_INFORMATION PROVIDED_
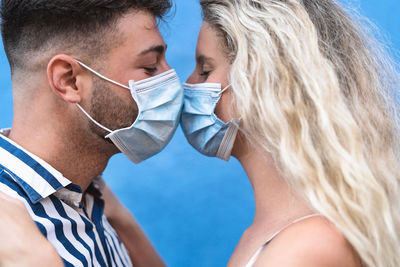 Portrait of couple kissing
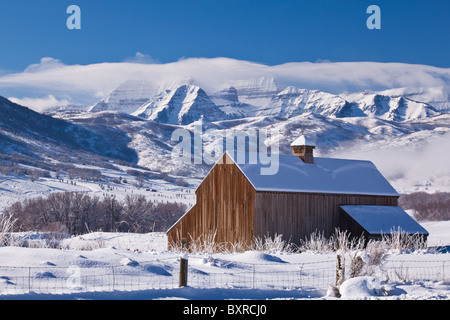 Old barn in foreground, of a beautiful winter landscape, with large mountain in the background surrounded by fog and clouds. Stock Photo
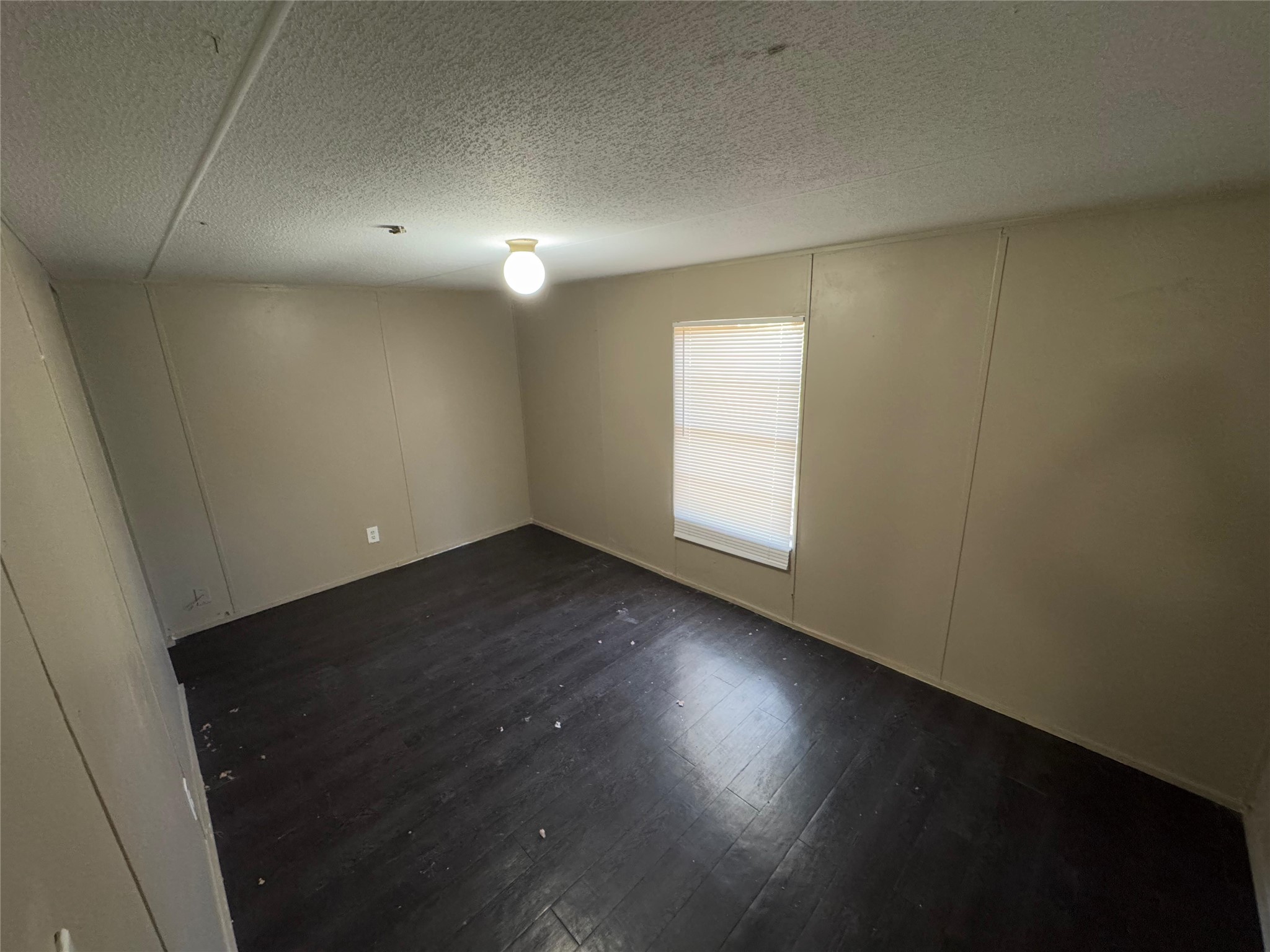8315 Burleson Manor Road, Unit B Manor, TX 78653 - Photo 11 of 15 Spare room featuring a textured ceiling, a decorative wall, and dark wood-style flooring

_TASK REQUIREMENTS_
Without any pictures, print the whole listing again exactly as it stands.

_YOUR RESPONSE_
 Portrait of couple kissing
 Old barn in foreground, of a beautiful winter landscape, with large mountain in the background surrounded by fog and clouds. Stock Photo
8315 Burleson Manor Road, Unit B Manor, TX 78653 - Photo 11 of 15 Spare room featuring a textured ceiling, a decorative wall, and dark wood-style flooring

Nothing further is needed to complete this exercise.